Think about it a moment before you stop reading. You have the power to put the paper down now, or you can continue to read. You have the power to act, choose, talk, walk and argue. You have the power to plow, plant, reap and share. You have the power to buy and sell, invent, create and destroy.
The fact that you and I have some power means that God does not have all the power. In fact, every level of being has some power.
Human power is remarkable in the extent to which its influence reaches. Our imagination and inventiveness are far-reaching. Human power is especially extraordinary in comparison with the influence that other creatures have.
Power, I contend, is the capacity to influence. There is no divine monopoly on such power. But the notion of monopolistic power is, unfortunately, implied in the term "almighty." As if God has all the power.
But every level of existence has some measure of power, or the capacity to influence. This includes cellular as well as galactic levels of existence. To be means to have power.
Divine power becomes admirable and worshipful only when it is seen as persuasive power, the power of love.
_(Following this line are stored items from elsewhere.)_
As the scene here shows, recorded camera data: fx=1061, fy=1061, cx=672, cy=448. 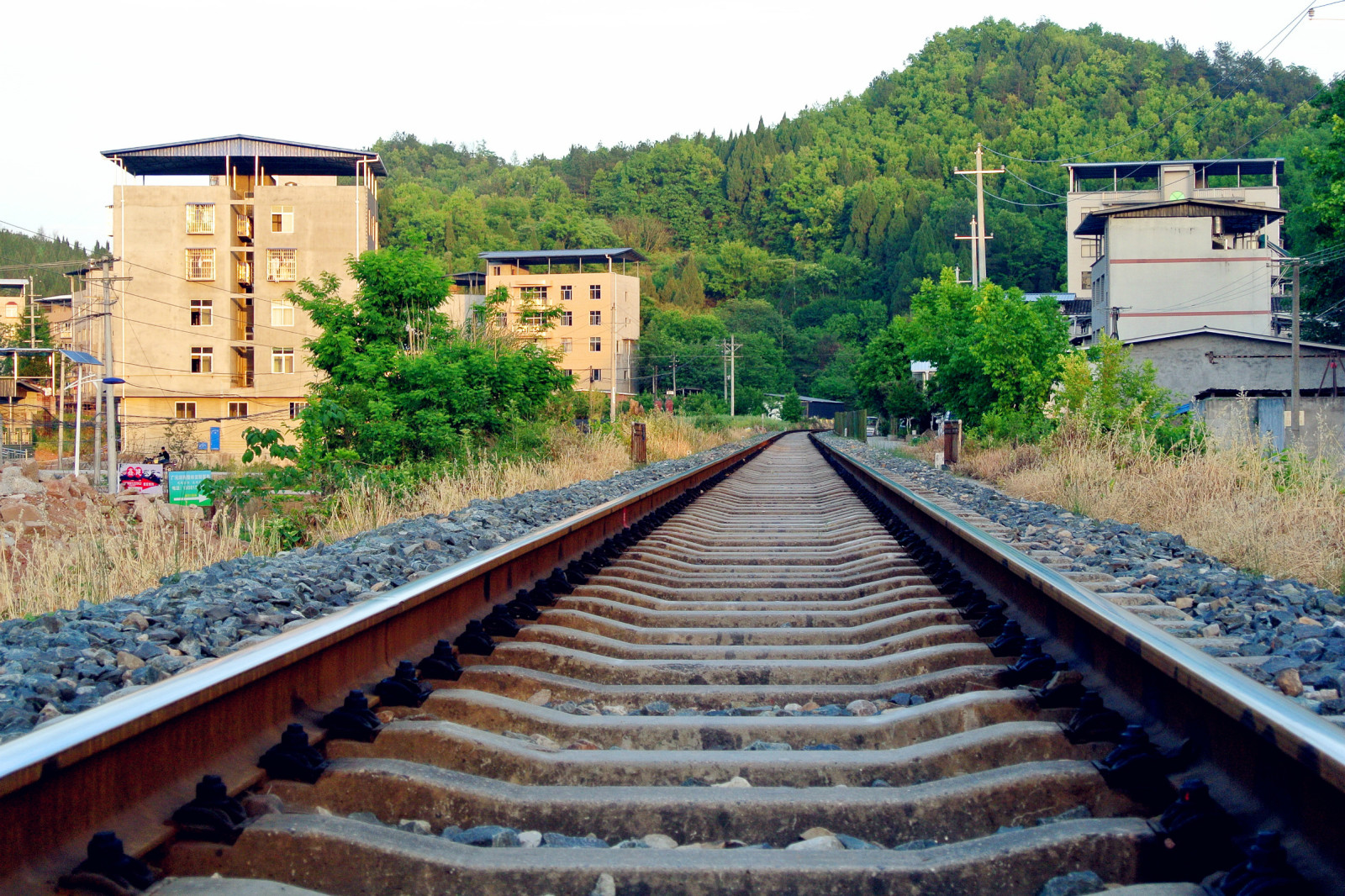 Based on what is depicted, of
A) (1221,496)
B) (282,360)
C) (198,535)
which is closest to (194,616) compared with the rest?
(198,535)

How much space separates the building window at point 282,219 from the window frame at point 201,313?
5.32 meters

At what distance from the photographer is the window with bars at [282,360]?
58.7 metres

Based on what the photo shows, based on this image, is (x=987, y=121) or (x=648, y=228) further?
(x=648, y=228)

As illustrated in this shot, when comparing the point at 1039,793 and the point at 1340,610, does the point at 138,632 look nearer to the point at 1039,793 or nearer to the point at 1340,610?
the point at 1039,793

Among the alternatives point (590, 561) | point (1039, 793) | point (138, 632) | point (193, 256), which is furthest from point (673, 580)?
point (193, 256)

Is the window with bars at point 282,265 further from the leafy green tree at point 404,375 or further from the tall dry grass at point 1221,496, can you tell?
the tall dry grass at point 1221,496

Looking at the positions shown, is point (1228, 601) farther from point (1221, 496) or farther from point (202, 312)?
point (202, 312)

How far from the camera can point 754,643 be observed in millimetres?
4469

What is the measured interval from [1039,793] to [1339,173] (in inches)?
1784

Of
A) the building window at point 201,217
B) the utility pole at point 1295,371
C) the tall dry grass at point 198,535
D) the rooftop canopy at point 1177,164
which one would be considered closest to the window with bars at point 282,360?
the building window at point 201,217

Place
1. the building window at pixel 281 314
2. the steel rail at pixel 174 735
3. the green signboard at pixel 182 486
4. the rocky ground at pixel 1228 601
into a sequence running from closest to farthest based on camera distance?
the steel rail at pixel 174 735, the rocky ground at pixel 1228 601, the green signboard at pixel 182 486, the building window at pixel 281 314

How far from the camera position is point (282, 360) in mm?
58781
But the term "almighty" carries with it the connotation of a tyrannical, absolute or even coercive power.
That image of power has often corrupted political policies and leaders. Some leaders will even use the term "almighty" in a way that seems to offer a justification for their own use of coercive, militaristic power.
I know that biblically, there are many images of power. But not all of them are worthy of respect and adoration. Some of those images have been taken from ancient imperial and tyrannical autocracies, imitating the kind of adulation given to Roman emperors. They are despotic.
The revolutionary overthrow of such imagery is contained in the Galilean vision that embodied a sense of compassion, understanding and love. That image comes close to divine power.
Fritz Fritschel is a retired Lutheran minister.